Godzilla (golden eagle to the right for sense of scale)
 My intention was to then walk through the park in the centre of town towards my next temple.  This plan was curtailed somewhat as, strolling happily along the footpath, I watched as a MASSIVE lizard crawled out of the long grass in front of me.  When I say massive, I mean going on a metre long.  I turned back and decide to go around - it was a bit 'Singapore Day 3’ to tempt fate by walking past it.  As an as aside, when I got back to the hostel later in the evening I showed the owner my photo of it and he told me that Thais regularly catch and eat such creatures.  As to whether it would have eaten me, he declined to comment.  My detour around the park had thrown me off a bit and I therefore changed the next priority to finding somewhere to eat.  I fancied a pizza and after an extensive search I found a place that served surprisingly tasty 'crab and pineapple’ pizzas.  By this stage of my day the previous night was beginning to catch up with me, so I went back to the hostel for a quick power nap.  It wasn’t the last of my exploring for the day though, as I had booked a boat trip around the rivers surrounding the city.

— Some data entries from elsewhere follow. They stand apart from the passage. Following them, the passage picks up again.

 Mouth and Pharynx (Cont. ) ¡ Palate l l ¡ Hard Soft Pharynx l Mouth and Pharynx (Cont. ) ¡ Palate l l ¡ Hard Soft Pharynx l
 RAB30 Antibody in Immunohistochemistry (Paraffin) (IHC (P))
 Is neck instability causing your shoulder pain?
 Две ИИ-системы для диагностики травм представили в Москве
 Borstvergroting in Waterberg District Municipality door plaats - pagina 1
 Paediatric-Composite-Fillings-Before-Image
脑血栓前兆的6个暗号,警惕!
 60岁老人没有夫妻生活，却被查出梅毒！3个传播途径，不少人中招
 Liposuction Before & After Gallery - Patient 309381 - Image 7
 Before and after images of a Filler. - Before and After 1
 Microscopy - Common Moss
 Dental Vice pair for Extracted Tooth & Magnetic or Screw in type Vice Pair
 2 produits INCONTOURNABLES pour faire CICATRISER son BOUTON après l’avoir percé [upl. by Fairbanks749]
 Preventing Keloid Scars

Wat Chai Wattanaram, Attahuya

This boat trip was very cheap and was a really relaxing way to end the day.  It did a loop of the river that surrounds the city and stopped off at three temples: Wat Phanan Choeng, Wat Phuttaisawan and Wat Chai Wattanaram.  The first two of these were modern temples that were interesting, but didn’t have any features that I hadn’t seen before.  The latter was very cool as it was the last place we saw as the sun started to go down.  I also think that we managed to dodge the entrance fee by arriving from the riverside, which was an added bonus.  I had met a dutch girl on the boat who was travelling by herself, so I had a drink with her before heading back to the hostel for a VERY early night - I am talking about 7.30.  This plan couldn’t have been anymore sidetracked however when I arrived back.  The owner of the hostel was just sitting down to dinner and very kindly asked me and a German guy called Sven who I had met, to join them.  The food was very good and better than the packet of crisps that I had designated as my evening meal.  As we talked, it became clear that the owner was a Man United fan and with it being Champions League night he wanted me and Sven to watch with him.  Unfortunately for me the game started at 1.45am and finished at 3.30am.  It seemed like the cultural thing to do, but it meant that I ended up going to sleep about 8 hours after I had intended.  The late night, and watching United lose, was all worth it to hear Sven, who supported United, conclude at the final whistle that 'at least our countries have an economy and can produce cucumbers’.  One of the most amusing one liners I have ever heard.